Pay for parking with a tap of your smartphone
Paying for parking in London just got even easier.
Two years after the Honk app arrived in the Forest City, the Toronto-based parking payment start-up has launched HonkTAP for all municipal on and off street parking.
The new technology allows drivers to simply tap their smartphone on designated near-field communication (NFC) technology enabled signs to pay for parking and walk away.
“The app has been around this city for two years, but there is still a majority of people who go to the parking meter so we wanted to come up with a solution that addresses these people and that is HonkTAP,” said Michael Back, Honk founder and CEO. “It works with any phone, there is nothing to download, it has all of the functionality of a parking meter without any of the capital expense and all the usability of an app without having to download and register.”
Back, a Western University graduate, said HonkTAP is especially useful for visitors to the city.
“An app really talks to the most frequent of users. So if you live here, you work here the app download is great. But if you are an infrequent visitor, you live outside the city and are only here every now and again, this lets you pay for parking without the hassle of waiting in lines or digging for change,” said Back.
London is the first city in North America to introduce the new parking payment option. The NFC-enabled signage was installed on every digital and coin-operated parking meter in the city over the past couple of weeks.
Once a driver taps their phone, a checkout page pops up where they can enter their licence plate number and select a payment option. HonkTAP accepts Apple Pay, Pay Pal, and all major credit cards. Drivers are also given the option to opt-in to receive text notifications about when their parking is due to expire and can remotely add more time to the parking meter.

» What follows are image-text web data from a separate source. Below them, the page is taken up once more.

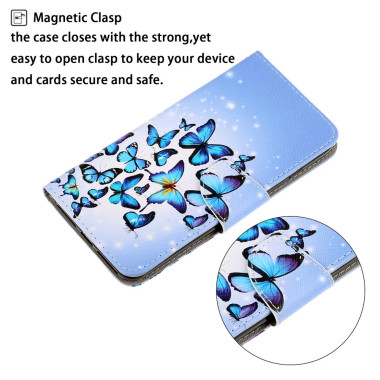 Housse iPhone 13 mini Papillon Bleu Portefeuille Support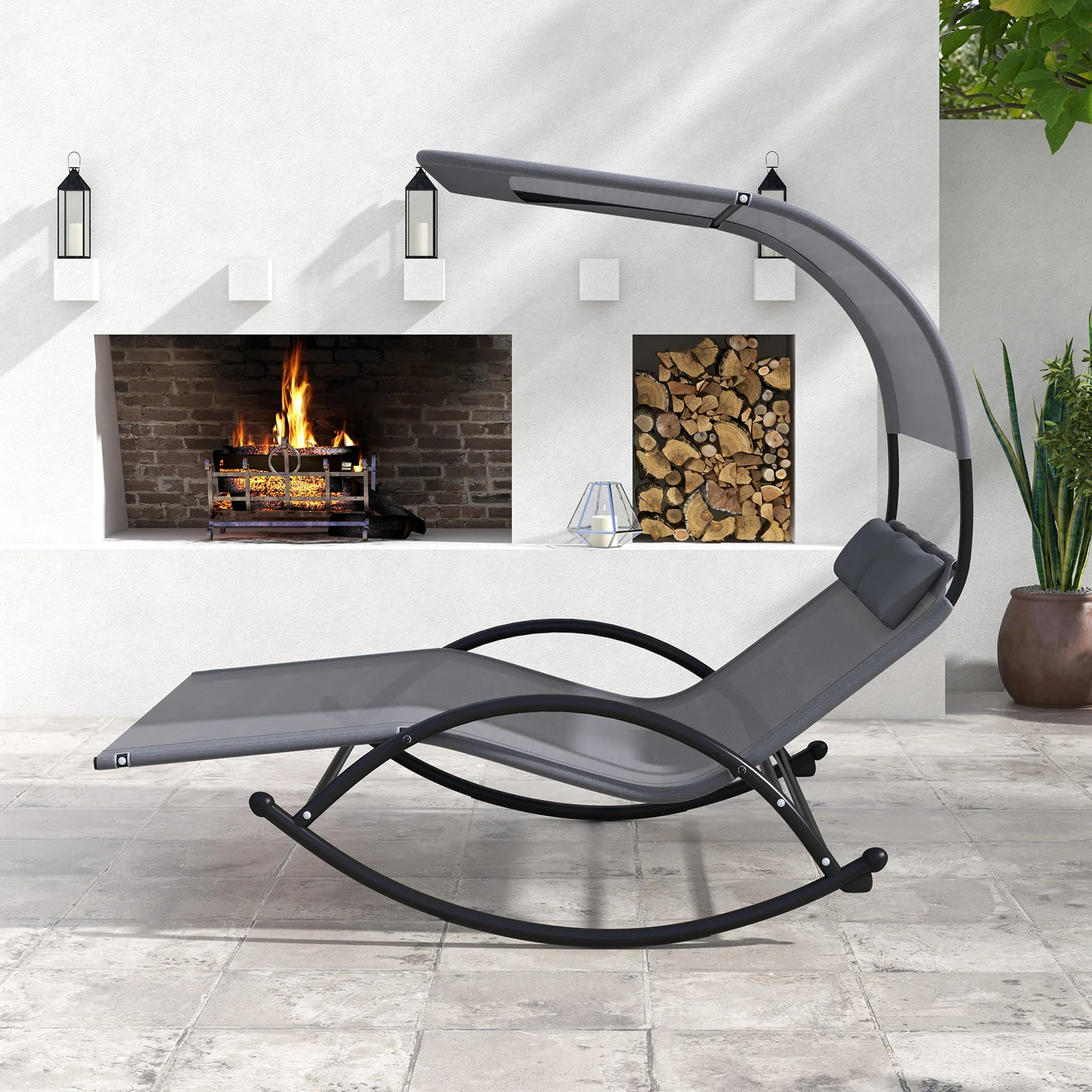 Outdoor Dual Rocker Sunbed, 2-Person Canopied Patio Lounger, Gray - Image 3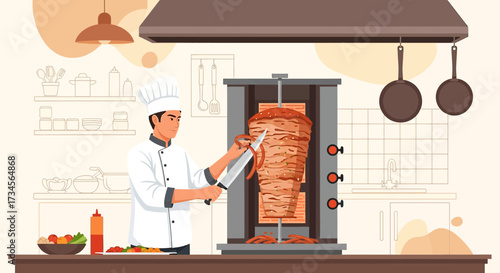 Chef skillfully preparing delicious shawarma in a modern kitchen setting with traditional tools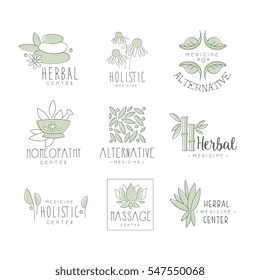Alternative Medicine Center With Oriental Herbal Treatment And Holistic Massage Procedures Collection Of Label Templates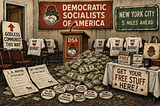 A gathering of the Democratic Socialists of America in a convention room with chairs, a podium with microphone, and signage. A Sign with an arrow pointing up to a door says “Godless Communist This Way.” Several election ballots laying on the ground titled “L.A. MAYOR” and "NY DISTRICT.” Campaign buttons on the ground says “We ♥️ Radical Socialists.” Several white t-shirts hanging over chairs say “WE ♥️ BERNIE!” A large pile of hundred dollar bills lay in front of the podium. A sign hanging from a table says “GET YOUR FREE STUFF HERE!” An old Road sign on the wall says “NEW YORK CITY 5 MILES AHEAD”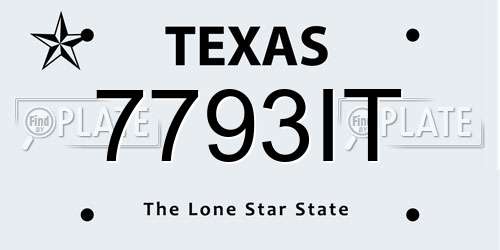 7793IT Texas License Plate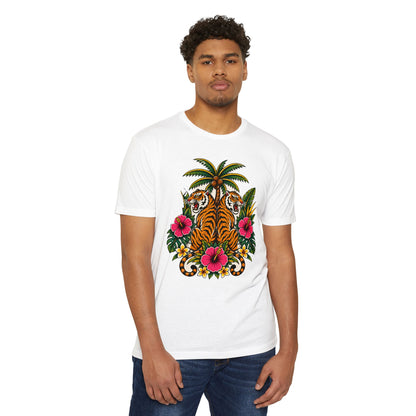 T-Shirt, Short Sleeve Boxy Crew Neck - Tiger Tiger Tropics Vintage Floral Palm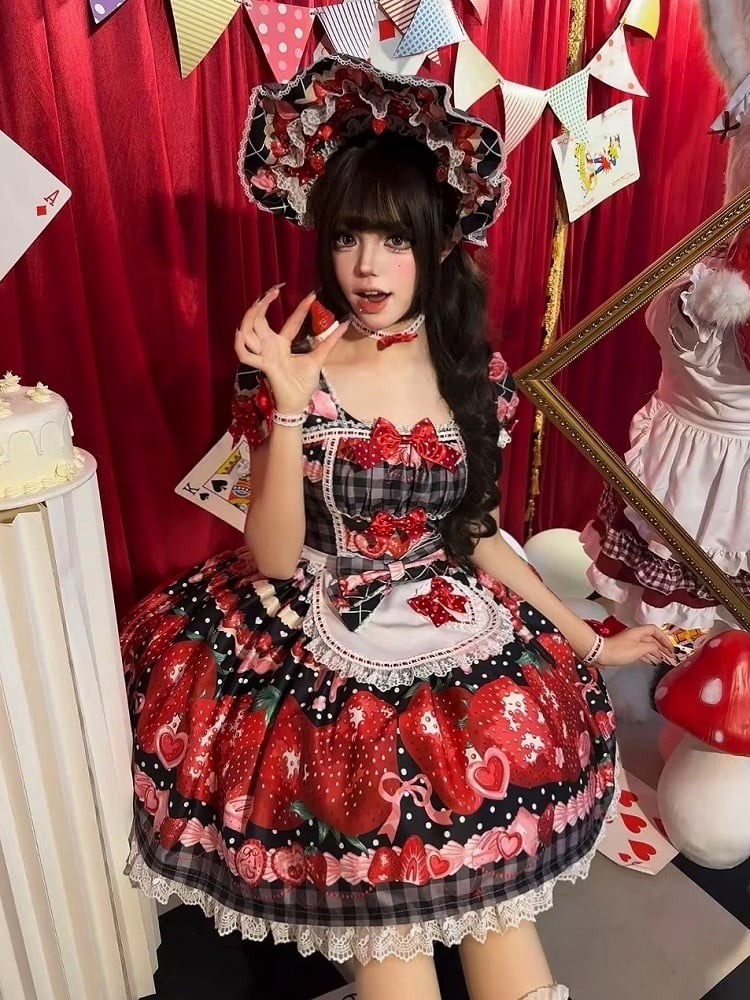 XXL Bust Apron Plaid Print with for 96-111CM Pattern Black Strawberry Sweet Dress Clearance-Size Summer and Lolita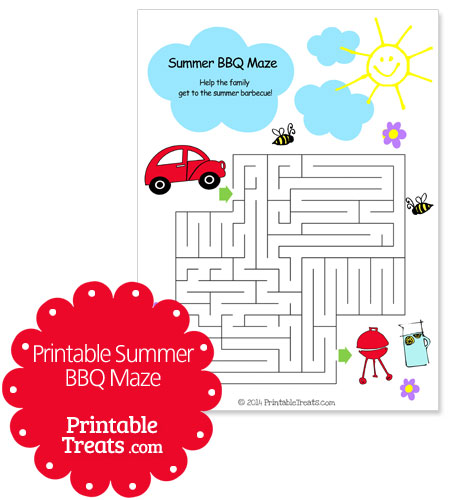 printable summer bbq maze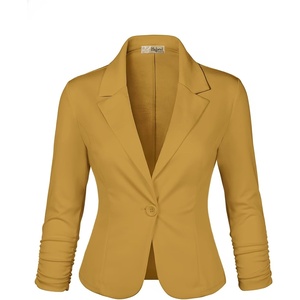 image:imageHybrid amp Company Womens Ponte Cardigan Blazer  Lightweight stretch ponte fabric open cardigan style polished fit suitable for office work and business casualMustard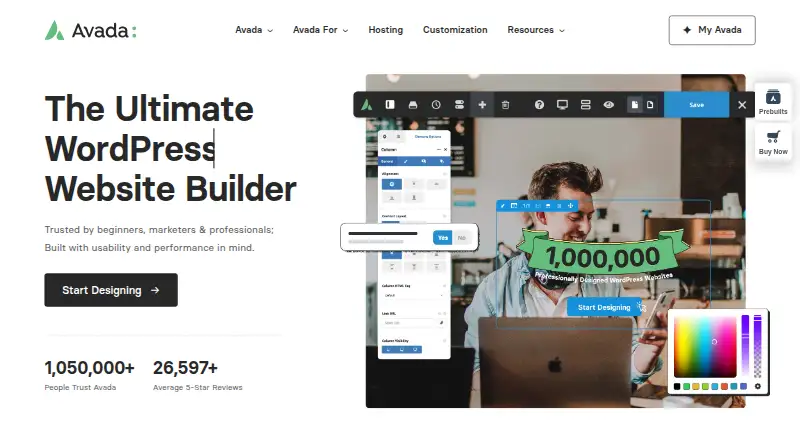 The Avada homepage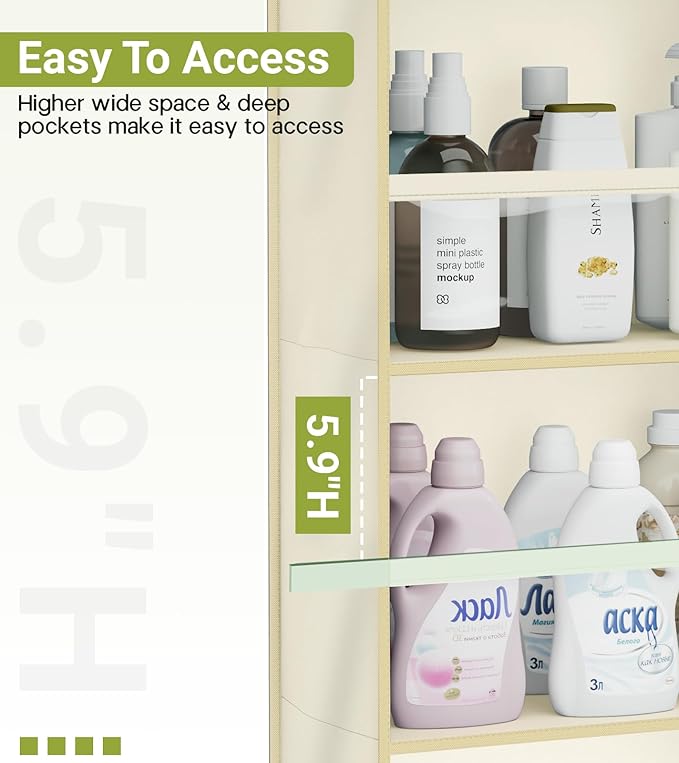 2 Pack Over the Door Organizer, Light Yellow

Mayor Ed Holder got a crash course on using the new technology at the official HonkTAP launch on Thursday at the municipal parking lot at 641 Queens Avenue. He was quick to praise it for its user-friendly design.
“If Ed Holder, former minister of science and technology, can do this believe me anyone can do it,” Holder said. “It took one example. I had the marketing manager for Honk show me how it was done. But just to be sure the CEO for Honk used his phone [to show me] as well. So I actually had two little tests but I got it after the first one.”

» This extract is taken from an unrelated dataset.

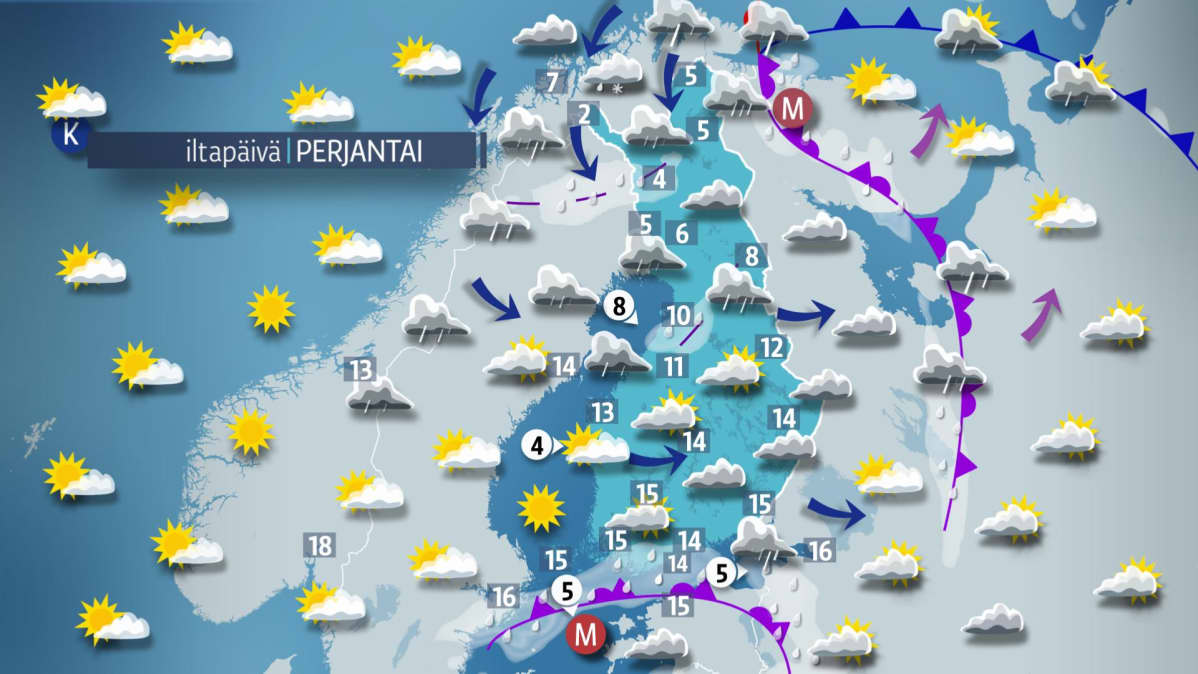 Perjantain sääkartta.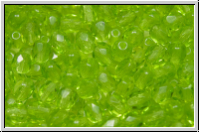 Bhm. Glasschliffperle, feuerpol., 4mm, lime, trans., 50 Stk.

Holder believes Honk selected the city as its test market for the tap technology because of the willingness of Londoners to go outside of their comfort zones.

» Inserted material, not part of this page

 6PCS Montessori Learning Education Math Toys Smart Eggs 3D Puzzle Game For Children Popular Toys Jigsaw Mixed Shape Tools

“London is a great test market. We test market so many things. We are the home of testing for the dark roast coffee for Tim Hortons, we were the test market for McDonald’s when they launched the “happy meal”… It is because we are such good people and people that don’t mind trying different things, so it became an easy place for Honk to decide this is where they are going to put their first market in,” said Holder.
Those will older model cell phones can also take advantage of the HonkTAP option by scanning a QR code on the NFC-enabled signage with their phone’s camera.
Roughly 30,000 people in London already use the Honk app to pay for municipal parking.